Efficient Video Action Recognition
How well does TriDet perform and generalize in a limited compute power and data setting?
A. Dămăcuș (TU Delft - Electrical Engineering, Mathematics and Computer Science)
J.C. van Gemert – Mentor (TU Delft - Pattern Recognition and Bioinformatics)
Ombretta Strafforello – Mentor (TU Delft - Pattern Recognition and Bioinformatics)
R. Bruintjes – Mentor (TU Delft - Pattern Recognition and Bioinformatics)
A. Lengyel – Mentor (TU Delft - Pattern Recognition and Bioinformatics)

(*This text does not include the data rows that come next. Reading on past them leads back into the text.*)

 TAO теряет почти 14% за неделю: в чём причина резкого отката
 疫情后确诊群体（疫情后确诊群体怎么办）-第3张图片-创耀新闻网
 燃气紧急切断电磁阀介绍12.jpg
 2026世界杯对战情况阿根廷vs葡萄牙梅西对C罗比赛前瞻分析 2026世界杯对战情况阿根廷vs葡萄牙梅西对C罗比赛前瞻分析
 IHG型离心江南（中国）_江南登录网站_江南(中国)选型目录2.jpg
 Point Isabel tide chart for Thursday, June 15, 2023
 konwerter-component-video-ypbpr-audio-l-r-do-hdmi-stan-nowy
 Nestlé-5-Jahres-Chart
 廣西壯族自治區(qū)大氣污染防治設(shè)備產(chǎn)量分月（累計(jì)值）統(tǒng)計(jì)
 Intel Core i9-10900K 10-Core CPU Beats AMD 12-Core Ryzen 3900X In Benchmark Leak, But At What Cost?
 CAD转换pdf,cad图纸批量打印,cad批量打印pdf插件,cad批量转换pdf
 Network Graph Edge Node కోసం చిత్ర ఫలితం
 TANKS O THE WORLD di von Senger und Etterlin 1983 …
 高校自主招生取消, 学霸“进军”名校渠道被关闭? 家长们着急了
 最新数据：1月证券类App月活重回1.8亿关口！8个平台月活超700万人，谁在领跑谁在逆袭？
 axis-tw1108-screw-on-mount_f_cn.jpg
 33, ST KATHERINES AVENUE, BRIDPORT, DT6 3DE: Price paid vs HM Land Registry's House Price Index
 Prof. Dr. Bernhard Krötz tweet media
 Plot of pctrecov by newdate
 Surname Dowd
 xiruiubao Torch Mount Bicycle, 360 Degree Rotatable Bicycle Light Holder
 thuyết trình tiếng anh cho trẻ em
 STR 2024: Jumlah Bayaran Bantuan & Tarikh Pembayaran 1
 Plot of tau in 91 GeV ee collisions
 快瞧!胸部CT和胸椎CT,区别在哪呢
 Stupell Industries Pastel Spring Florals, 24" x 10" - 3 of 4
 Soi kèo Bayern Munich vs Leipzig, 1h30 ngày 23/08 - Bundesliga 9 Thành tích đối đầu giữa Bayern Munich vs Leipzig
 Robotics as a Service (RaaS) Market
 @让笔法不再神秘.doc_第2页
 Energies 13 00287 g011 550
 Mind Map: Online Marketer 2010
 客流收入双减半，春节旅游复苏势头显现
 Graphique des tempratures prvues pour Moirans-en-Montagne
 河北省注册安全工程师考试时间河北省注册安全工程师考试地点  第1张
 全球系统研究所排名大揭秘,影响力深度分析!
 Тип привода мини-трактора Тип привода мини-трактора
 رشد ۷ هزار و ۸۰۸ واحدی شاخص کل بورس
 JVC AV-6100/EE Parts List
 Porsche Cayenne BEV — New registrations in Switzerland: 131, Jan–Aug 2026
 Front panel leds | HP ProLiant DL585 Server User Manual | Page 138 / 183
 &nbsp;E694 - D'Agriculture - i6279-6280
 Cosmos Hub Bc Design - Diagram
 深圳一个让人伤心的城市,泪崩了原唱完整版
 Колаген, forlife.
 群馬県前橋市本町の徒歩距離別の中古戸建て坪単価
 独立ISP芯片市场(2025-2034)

Petr Kellnhofer – Graduation committee member (TU Delft - Computer Graphics and Visualisation)
More Info
expand_more
Other than for strictly personal use, it is not permitted to download, forward or distribute the text or part of it, without the consent of the author(s) and/or copyright holder(s), unless the work is under an open content license such as Creative Commons.
Abstract
In temporal action localization, given an input video, the goal is to predict the action that is present in the video, along with its temporal boundaries. Several powerful models have been proposed throughout the years, with transformer-based models achieving state-of-the-art performance in the recent months. Although novel models are becoming more and more accurate, authors rarely study how limited training data or computation power environments affect the performance of their model. This study is carried out on TriDet, a transformer-based temporal action localization model that achieves state-of-the-art performance on two different benchmarks. It evaluates the model’s behavior in a limited training data and computation power environment. It is found that TriDet achieves close to state-of-the-art performance when only 60% of the training data or approximately 90 action instances per class are used. It is also notable that inference time, memory usage, multiply-accumulate operations and GPU utilization scale linearly along with the length of the tensor that is passed to the model. These findings, combined with TriDet’s mean training time of 11 minutes on the THUMOS’14 dataset can be used to determine the model’s hypothetical behavior when run in lower computation power environments.